Jusqu’à récemment, le tourisme pédocriminel dans les pays pauvres était considéré avec complaisance et l’on débattait du « droit » des enfants en France à avoir des relations sexuelles avec un adulte, sans questionner le rapport d’emprise qu’un adulte peut avoir sur unE enfant ou unE adolescentE.
Vanessa Springora, qui a été une des jeunes victimes de Gabriel Matzneff, a justement dévoilé toute l’imposture de ce « consentement »2. Au-delà de la dénonciation de son prédateur, cette autrice révèle une société complice, qui a admiré un quinquagénaire séduisant une adolescente de 14 ans, tout en rédigeant des récits très explicites de sa consommation de jeunes garçons en Asie. S’agit-il d’une « autre époque », comme on peut l’entendre ? Ce qui est sûr, c’est qu’à notre époque, les voix des victimes résonnent plus fort. Récemment, de fortes mobilisations ont eu lieu autour du cas emblématique de Julie, violée à 14 ans par 20 pompiers et dont la justice a méprisé la parole.
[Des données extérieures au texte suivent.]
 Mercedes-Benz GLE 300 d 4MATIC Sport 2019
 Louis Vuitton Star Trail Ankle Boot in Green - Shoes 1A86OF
Culture du viol et société patriarcale
Les violences contre les femmes et contre les enfants s’inscrivent dans un même schéma de domination, fondée sur l’autorité du pater familias. C’est dans la famille hétérosexuelle que s’apprennent les relations de pouvoir, du mari sur la femme, des parents sur les enfants. Comme l’écrivait Marx, « dans la famille, l’homme est le bourgeois ; la femme joue le rôle du prolétariat. » Ainsi, pour l’anthropologue Dorothée Dussy, « l’inceste est le paroxysme de la domination masculine ».
Depuis les théories freudiennes assimilant les souvenirs traumatiques à des fantasmes enfantins, jusqu’aux concepts masculinistes comme le « syndrome d’aliénation parentale », la parole des enfants est déniée, et les mères forcément coupables. La présomption d’innocence du potentiel agresseur se transforme en présomption de mensonge concernant les victimes. La société tout entière diffuse une culture du viol, où la souffrance des victimes est méprisée, voire érotisée.
Ces violences perpétuent un système de domination, où chacunE doit rester à sa place. Donc chaque parole qui se libère contribue à ébranler l’ordre patriarcal. C’est pourquoi la place des militantEs révolutionnaires est d’accompagner et de soutenir ces mobilisations.